The proposed Bill includes additional powers to cut off funding for terrorists by making it easier to freeze assets and block access to bank accounts.
Sanctions regimes will be reviewed annually, and individuals and organisations will be able to challenge any sanctions imposed against them, the government said. The government will also be able to issue exemptions, for example when delivering humanitarian aid, it said.
As a permanent member of the UN Security Council the UK plays a central role in negotiating sanctions as a means of countering threats to international peace and security. It is also obliged under international law to implement agreed UN sanctions. As an EU member, the UK has also implemented so-called 'autonomous sanctions' in situations where the UN has chosen not to act, often with the support of other countries such as the US, Canada, Japan and Australia.

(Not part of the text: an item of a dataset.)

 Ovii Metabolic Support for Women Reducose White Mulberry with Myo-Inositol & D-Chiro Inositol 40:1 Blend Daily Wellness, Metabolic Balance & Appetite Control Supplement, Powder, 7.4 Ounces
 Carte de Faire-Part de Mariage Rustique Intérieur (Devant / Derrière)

UN and EU sanctions typically involve a mixture of three different types of measure: international travel bans, preventing sanctioned persons from obtaining visas and travelling to participating states; asset freezes, requiring the funds and assets of sanctioned persons to be frozen and also restricting the availability of additional economic resources; and financial and trade restrictions, generally targeting specific sectors but sometimes ranging more widely.
The UK currently implements over 30 sanctions regimes including those against Russia, North Korea, Iran, Daesh and Al Qaida.
Minister for Europe Sir Alan Duncan said: "The new Sanctions Bill will ensure that when the UK leaves the European Union, we retain the ability to impose, update and lift sanctions regimes, both to comply with our international obligations and in pursuit of our foreign policy and national security objectives."
The government began consulting on the Bill in May.